Dünya Bankası raporu: Reformlar başarılı olacak
Oluşturulma Tarihi: Kasım 29, 2000 00:00

Dünya Bankası, Hazine Müsteşarlığı ve Türkiye Bankalar Birliği'nin işbirliği ile Dünya Bankası tarafından hazırlanan ülke raporunda, mevcut reformların başarılı olma şansının oldukça yüksek olduğu bildirildi.
Haberin Devamı

Dünya Bankası'nın "Türkiye raporu: Sürdürülebilir Büyüme için Yapısal Reformlar" başlıklı ülke ekonomik raporu, İstanbul'da raporun sunumunu içeren toplantıda açıklandı. Raporda, Türkiye'nin 3 önemli ekonomik soruyla karşı karşıya bulunduğu vurgulanarak, bunlardan temel ekonomik dengelerin sürdürülebilir ve kalıcı mali tedbirlerle sağlanması ve verimliliğin yüksek maliyetli ve piyasa dengelerini bozan teşviklerin kaldırılması yoluyla desteklenmesinin ana konuları oluşturduğu kaydedildi.

Raporda, son 20 yıldır gerçekleştirilen etkileyici başarılara karşın Türkiye ekonomisinin sürekli mali dengesizlikler, kronik yüksek enflasyon ve üretimdeki keskin iniş ve çıkışların hüküm sürdüğü hassas bir ortamda varlığını sürdürmeye devam ettiği belirtildi.

İstikrarsız politikalar enflasyonu artırdı

Türkiye'nin yüksek büyüme oranını sürdürmekte başarısız olmasının diğer pekçok unsurun yanı sıra makro ekonomik istikrarın bulunmamasıyla yakından bağlantılı olduğu vurgulanan raporda, şöyle denildi:

"Sürdürülebilir olmayan mali politikalar Türk Lirası üzerinde tekrar tekrar baskı yaratmış ve sonuçta kronik ve yüksek enflasyonu yol açmıştır. Kriz dönemlerinde uygulanan mali politikalar özel sektör üzerinde rahatlatıcı bir etki yaratamamış, tam tersine küçülmeye yönelik politikaların izlenmesi şokların etkisini daha da artırmıştır.

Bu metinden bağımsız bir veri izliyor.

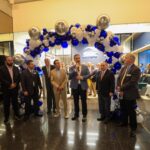 Inaugura Adrián de la Garza oficina de empresa financiera internacional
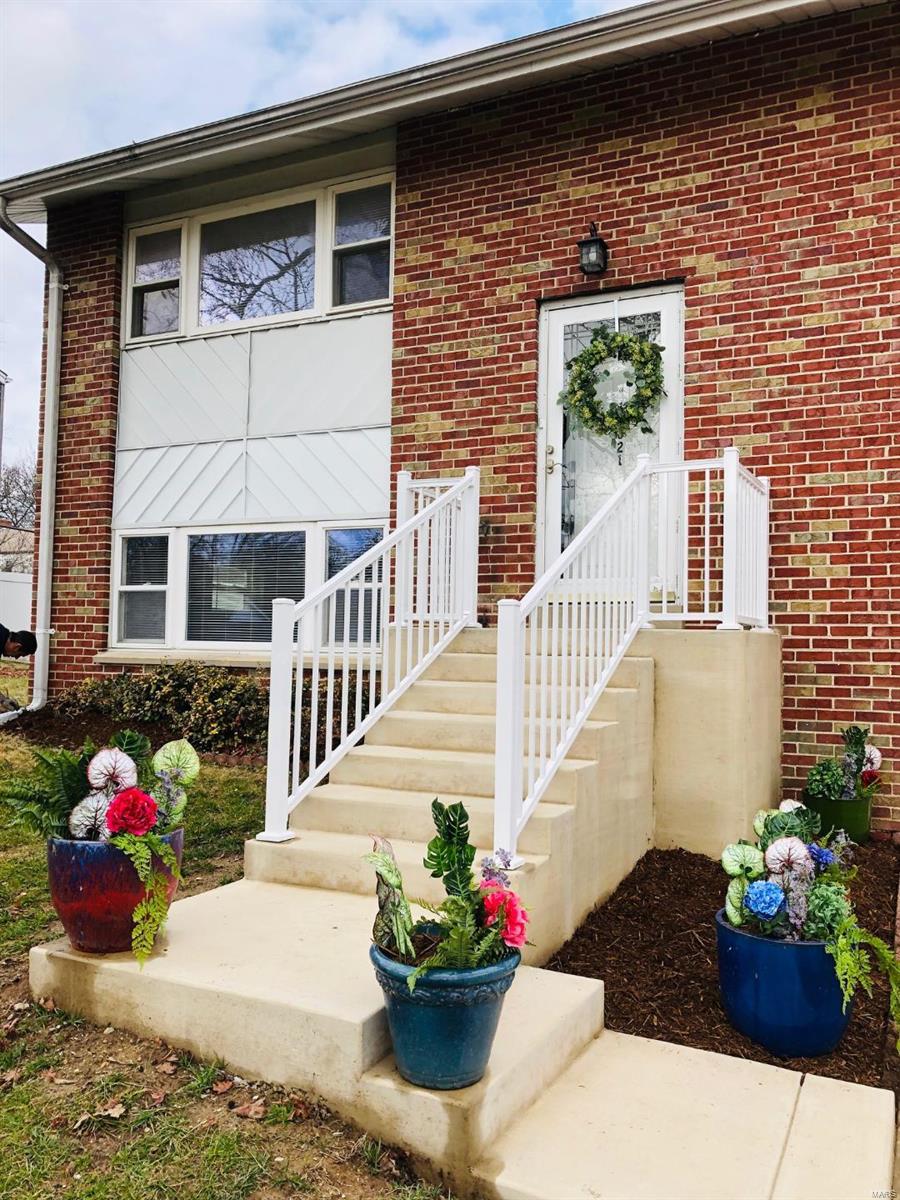 12621 Big Bend Road St. Louis, MO 63122 - Photo 2 of 25 Gallery Image 2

Bulgular, ekonomik istikrarın sağlanması için gösterilen daha önceki gayretlerin mali açığa sebep olan yapısal sorunlar üzerinde durulmadığı için kesin olarak başarısız olduklarını göstermektedir."

Raporda 1999 yılının ortasında başlatılan mevcut reform programının Türkiye'nin mali dengesizliklerini ve hayal kırıklığı yaratan büyüme performansının merkezindeki yapısal sorunların birçoğunu kapsadığı için başarılı olabileceği ifade edilerek, yeni programın ekonomik mevzuat, yapısal mali reformlar, finansman, altyapı ve özelleştirmeye ilişkin ikinci kuşak yapısal reformlara öncelik verdiği kaydedildi.

Mali tedbirler alınmalı

Raporda şu görüşlere yer verildi: "Programın başlıca unsurları şöyledir; mali tedbirlerin alınması, önceden açıklanmış bir kur politikası, kamu sektöründe ileriye dönük bir gelir politikaları, sosyal güvenlik sistemi ve kamu harcamaları yönetiminin yanı sıra tarım, altyapı ve mali sektörde yapısal reformlar ve özelleştirmenin hızlandırılması. Yapısal reformlar konusundaki mevcut ivme mali açığı kalıcı olarak düşürebilir ve enflasyonu azaltabilir.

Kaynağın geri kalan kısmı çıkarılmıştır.